194 mouzas in Garhbeta III CD block had drinking water facilities in 2013-14. There were 121 fertiliser depots, 135 seed stores and 35 fair price shops in the CD block.

===Agriculture===

Although the Bargadari Act of 1950 recognised the rights of bargadars to a higher share of crops from the land that they tilled, it was not implemented. Large tracts, beyond the prescribed limit of land ceiling, remained with the rich landlords. From 1977 onwards major land reforms took place in West Bengal. Land in excess of land ceiling was acquired and distributed amongst the peasants. Following land reforms land ownership pattern has undergone transformation. In 2013–14, persons engaged in agriculture in Garhbeta III CD block could be classified as follows: bargadars 4.90%, patta (document) holders 25.76%, small farmers (possessing land between 1 and 2 hectares) 3.65%, marginal farmers (possessing land up to 1 hectare) 25.22% and agricultural labourers 40.48%.
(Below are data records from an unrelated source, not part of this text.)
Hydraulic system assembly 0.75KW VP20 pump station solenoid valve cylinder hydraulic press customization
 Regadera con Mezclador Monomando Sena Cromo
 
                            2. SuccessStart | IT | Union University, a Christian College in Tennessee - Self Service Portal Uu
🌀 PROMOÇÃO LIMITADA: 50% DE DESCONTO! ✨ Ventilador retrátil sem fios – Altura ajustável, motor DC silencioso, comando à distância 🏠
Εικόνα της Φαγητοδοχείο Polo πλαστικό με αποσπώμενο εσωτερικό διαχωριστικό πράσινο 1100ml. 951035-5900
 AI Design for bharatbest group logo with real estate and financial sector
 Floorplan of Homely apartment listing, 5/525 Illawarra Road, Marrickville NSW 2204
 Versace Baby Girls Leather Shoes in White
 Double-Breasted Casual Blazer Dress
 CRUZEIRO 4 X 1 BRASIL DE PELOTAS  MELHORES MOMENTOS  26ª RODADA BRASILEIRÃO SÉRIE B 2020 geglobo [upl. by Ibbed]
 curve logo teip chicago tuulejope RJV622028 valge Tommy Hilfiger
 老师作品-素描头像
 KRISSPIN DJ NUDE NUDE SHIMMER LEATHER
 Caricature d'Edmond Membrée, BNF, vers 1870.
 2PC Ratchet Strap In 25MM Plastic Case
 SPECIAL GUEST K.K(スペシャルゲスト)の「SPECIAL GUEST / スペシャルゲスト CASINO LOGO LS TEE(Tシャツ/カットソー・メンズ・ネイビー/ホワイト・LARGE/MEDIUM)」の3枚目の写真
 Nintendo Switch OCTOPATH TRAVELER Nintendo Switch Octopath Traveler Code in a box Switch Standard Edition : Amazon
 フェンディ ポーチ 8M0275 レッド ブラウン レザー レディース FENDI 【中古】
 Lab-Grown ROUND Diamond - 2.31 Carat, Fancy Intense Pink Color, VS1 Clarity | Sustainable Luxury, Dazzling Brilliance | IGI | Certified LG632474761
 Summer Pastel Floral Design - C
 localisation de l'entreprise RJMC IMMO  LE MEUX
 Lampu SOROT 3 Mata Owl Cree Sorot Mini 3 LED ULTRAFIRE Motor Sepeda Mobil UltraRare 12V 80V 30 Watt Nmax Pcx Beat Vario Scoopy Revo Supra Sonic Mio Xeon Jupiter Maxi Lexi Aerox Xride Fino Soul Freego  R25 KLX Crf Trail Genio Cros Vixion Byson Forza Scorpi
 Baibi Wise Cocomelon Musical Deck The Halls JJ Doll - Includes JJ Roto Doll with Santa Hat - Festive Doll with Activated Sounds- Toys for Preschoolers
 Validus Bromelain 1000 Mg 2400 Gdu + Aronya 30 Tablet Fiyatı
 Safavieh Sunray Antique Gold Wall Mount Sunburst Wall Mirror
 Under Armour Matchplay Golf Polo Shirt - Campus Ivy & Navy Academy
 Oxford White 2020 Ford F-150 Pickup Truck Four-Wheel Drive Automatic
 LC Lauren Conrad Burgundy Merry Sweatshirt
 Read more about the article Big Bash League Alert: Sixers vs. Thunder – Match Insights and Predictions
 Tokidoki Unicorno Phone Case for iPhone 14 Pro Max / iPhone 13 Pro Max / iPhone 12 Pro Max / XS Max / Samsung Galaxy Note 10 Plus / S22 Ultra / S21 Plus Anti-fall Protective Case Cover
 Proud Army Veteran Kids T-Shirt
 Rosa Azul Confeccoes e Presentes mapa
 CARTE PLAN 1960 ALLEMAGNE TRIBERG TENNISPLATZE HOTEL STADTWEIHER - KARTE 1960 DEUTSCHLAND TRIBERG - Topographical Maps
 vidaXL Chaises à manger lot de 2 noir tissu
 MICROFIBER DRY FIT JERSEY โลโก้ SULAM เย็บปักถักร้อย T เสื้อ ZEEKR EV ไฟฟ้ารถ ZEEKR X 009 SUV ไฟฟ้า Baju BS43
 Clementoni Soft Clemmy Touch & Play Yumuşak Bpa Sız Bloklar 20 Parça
In 2005-06 the nett cropped area in Garhbeta III CD block was 14,500 hectares and the area in which more than one crop was grown was 12,411 hectares.

The extension of irrigation has played a role in growth of the predominantly agricultural economy. In 2013–14, the total area irrigated in Garhbeta III CD block was 6,585 hectares, out of which 100 hectares were irrigated by canal water, 350 hectares by tank water, 2,325 hectares by deep tubewells, 2,600 hectares by shallow tube wells, 350 hectares by river lift irrigation, 25 hectares by open dug wells and 260 hectares by other methods.

In 2013–14, Garhbeta III CD block produced 10,930 tonnes of Aman paddy, the main winter crop, from 6,163 hectares, 1,745 tonnes of Boro paddy (spring crop) from 731 hectares, 356 tonnes of wheat from 218 hectares and 36,288 tonnes of potatoes from 3,500 hectares. It also produced oilseeds.

===Banking===
In 2013–14, Garhbeta III CD block had offices of 11 commercial banks and 1 gramin bank.

==Transport==
Garhbeta III CD block has 29 originating/ terminating bus routes.

The Kharagpur-Bankura-Adra line of South Eastern Railway passes through this CD block. There is a station named as Chandrakona Road located at Daradabcha mouza.

State Highway 4 running from Jhalda (in Purulia district) to Digha (in Purba Medinipur district) passes through this block.

==Education==
In 2013–14, Garhbeta III CD block had 122 primary schools with 10,623 students, 15 middle schools with 2,320 students, 10 high school with 8,405 students and 8 higher secondary schools with 10,110 students. Garhbeta III CD block had 1 general college with 710 students and 311 institutions for special and non-formal education with 13,590 students.

The United Nations Development Programme considers the combined primary and secondary enrolment ratio as the simple indicator of educational achievement of the children in the school going age. The infrastructure available is important. In Garhbeta III CD block out of the total 122 primary schools in 2008–2009, 21 had pucca buildings, 49 partially pucca, and 52 multiple type.

Gourav Guin Memorial College was established at Chandrakona Road, PO Satbankura in 2008.

==Healthcare==
In 2014, Garhbeta III CD block had 1 hospital, 1 rural hospital, 2 primary health centres and 1 private nursing home with total 390 beds and 9 doctors. It had 24 family welfare sub-centres and 1 family welfare centre. 5,405 patients were treated indoor and 105,620 patients were treated outdoor in the hospitals, health centres and subcentres of the CD block.

Dwarigeria Rural Hospital, with 30 beds at Dwarigeria, is the major government medical facility in the Garhbeta III CD block. There are primary health centres at : Chottotara (PO Guiadaha) (with 10 beds) and Nayabasat (with 4 beds).